> Data provided:
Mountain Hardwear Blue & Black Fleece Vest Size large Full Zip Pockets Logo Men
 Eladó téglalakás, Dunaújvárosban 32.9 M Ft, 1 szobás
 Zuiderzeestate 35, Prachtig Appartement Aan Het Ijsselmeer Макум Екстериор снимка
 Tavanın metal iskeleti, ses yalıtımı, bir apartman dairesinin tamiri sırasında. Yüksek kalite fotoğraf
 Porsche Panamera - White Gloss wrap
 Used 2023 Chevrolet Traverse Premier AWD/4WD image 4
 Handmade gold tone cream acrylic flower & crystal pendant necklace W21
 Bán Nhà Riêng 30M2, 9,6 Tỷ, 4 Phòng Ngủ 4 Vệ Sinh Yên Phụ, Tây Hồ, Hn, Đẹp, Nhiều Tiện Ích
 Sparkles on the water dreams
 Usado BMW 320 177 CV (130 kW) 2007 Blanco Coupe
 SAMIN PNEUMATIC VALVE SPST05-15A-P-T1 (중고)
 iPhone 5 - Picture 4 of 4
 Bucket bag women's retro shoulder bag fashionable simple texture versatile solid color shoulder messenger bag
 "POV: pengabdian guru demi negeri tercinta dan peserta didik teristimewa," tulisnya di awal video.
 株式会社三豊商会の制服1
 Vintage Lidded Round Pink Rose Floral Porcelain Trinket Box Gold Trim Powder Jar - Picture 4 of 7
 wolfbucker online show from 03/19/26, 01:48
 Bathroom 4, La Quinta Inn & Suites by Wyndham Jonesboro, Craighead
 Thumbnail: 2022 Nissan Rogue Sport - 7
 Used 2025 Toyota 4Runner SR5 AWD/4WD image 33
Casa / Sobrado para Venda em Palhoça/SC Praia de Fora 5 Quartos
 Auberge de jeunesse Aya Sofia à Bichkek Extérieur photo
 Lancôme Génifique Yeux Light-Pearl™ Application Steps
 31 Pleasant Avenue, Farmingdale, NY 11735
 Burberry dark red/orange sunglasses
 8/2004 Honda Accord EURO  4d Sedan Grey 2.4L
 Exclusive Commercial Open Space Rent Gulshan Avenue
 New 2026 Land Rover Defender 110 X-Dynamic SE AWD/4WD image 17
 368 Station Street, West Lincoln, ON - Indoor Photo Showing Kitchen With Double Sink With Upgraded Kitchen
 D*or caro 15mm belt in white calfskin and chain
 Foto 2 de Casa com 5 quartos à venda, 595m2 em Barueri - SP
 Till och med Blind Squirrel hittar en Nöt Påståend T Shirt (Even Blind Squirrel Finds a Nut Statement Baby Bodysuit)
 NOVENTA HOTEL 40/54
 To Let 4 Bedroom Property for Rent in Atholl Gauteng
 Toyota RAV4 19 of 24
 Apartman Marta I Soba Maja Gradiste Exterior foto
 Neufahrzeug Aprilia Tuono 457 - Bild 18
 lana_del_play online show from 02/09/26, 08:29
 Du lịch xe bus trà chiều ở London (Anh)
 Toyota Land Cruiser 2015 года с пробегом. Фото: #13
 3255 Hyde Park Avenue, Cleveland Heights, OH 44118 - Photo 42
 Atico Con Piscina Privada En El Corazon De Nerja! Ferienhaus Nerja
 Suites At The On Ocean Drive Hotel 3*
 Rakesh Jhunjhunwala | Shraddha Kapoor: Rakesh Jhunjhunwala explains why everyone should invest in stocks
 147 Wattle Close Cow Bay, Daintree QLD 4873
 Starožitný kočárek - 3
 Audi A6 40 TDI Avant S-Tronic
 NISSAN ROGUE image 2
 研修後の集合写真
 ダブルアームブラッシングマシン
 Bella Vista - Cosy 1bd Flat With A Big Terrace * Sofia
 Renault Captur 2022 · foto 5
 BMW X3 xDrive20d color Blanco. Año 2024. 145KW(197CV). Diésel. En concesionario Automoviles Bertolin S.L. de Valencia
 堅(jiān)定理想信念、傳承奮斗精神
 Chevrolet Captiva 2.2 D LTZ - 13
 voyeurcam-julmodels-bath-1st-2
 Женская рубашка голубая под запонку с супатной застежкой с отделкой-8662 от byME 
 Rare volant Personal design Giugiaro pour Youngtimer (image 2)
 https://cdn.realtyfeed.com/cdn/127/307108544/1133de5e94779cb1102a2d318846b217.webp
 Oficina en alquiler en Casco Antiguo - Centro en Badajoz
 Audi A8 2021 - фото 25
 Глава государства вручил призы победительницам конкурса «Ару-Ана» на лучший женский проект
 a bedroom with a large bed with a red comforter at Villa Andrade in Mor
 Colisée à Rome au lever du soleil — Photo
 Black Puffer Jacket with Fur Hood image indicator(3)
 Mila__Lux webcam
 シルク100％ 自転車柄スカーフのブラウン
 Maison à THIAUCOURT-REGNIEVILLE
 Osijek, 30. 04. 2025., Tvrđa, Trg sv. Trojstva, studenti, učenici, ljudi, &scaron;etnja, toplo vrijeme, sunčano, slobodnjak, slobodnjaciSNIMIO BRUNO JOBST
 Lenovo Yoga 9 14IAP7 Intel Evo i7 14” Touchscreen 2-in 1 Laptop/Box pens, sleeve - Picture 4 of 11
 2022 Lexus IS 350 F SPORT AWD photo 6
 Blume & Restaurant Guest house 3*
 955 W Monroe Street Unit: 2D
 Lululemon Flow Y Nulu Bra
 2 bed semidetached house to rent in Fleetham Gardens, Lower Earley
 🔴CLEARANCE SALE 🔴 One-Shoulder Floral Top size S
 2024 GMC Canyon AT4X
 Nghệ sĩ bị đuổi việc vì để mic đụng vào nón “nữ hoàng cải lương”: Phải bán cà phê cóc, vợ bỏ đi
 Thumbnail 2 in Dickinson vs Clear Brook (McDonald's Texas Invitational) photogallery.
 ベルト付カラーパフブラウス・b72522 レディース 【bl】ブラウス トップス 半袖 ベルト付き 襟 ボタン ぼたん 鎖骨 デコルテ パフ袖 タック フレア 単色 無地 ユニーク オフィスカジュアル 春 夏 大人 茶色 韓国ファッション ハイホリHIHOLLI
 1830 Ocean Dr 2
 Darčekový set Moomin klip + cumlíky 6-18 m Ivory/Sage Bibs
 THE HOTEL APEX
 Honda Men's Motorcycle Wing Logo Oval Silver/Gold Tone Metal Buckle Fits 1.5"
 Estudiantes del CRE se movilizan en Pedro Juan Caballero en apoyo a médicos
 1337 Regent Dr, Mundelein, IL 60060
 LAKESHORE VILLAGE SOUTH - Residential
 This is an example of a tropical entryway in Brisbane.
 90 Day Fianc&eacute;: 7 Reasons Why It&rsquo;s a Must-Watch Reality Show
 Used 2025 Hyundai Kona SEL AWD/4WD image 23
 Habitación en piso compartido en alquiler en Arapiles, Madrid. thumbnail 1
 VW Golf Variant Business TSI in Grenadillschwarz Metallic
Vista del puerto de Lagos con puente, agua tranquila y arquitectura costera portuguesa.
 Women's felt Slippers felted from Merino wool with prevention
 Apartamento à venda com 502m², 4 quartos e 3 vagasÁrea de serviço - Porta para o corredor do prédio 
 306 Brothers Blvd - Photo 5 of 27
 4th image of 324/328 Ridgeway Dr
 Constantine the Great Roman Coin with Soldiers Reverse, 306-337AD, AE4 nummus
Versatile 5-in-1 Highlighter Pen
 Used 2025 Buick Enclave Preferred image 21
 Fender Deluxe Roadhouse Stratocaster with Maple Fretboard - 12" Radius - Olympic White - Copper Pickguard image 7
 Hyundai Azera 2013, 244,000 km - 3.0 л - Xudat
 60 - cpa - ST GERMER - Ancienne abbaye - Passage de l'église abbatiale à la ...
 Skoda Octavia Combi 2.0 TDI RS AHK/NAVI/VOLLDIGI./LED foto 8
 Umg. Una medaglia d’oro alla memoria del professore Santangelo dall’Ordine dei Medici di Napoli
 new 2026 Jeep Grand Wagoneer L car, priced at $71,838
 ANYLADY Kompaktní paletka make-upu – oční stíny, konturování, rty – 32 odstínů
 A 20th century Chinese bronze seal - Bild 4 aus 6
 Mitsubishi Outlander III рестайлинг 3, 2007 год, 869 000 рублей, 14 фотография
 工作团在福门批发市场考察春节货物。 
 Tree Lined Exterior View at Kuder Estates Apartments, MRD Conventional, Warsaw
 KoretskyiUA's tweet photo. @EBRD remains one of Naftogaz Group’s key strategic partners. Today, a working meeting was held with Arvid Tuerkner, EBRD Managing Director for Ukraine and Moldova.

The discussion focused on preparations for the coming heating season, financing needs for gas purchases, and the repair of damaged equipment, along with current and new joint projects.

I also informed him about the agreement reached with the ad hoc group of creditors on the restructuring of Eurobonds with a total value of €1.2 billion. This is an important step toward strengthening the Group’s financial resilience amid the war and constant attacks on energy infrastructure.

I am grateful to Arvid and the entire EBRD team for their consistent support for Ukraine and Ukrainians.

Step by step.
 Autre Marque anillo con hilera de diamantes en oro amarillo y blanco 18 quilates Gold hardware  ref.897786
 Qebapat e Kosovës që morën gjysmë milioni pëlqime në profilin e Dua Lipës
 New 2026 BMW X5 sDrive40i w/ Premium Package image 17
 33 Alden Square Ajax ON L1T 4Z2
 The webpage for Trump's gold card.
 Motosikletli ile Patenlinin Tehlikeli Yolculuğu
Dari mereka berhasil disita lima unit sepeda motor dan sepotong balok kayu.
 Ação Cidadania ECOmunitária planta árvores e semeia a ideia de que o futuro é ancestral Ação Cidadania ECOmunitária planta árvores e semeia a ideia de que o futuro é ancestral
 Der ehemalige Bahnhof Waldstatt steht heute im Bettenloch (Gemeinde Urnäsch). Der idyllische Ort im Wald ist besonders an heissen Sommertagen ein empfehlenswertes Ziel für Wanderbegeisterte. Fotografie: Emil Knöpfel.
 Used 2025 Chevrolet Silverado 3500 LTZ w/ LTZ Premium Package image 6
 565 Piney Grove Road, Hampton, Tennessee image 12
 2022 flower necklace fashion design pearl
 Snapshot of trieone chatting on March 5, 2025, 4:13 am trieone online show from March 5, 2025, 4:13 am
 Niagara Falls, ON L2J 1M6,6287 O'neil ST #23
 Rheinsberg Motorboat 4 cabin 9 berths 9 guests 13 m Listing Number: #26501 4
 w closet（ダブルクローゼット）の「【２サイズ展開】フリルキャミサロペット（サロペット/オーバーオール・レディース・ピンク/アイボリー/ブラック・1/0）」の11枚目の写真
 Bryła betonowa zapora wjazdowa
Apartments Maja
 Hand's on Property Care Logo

> Work task:
Only lines with the word "necklace" should be collected from the material.

> Answer space:
 Handmade gold tone cream acrylic flower & crystal pendant necklace W21
 2022 flower necklace fashion design pearl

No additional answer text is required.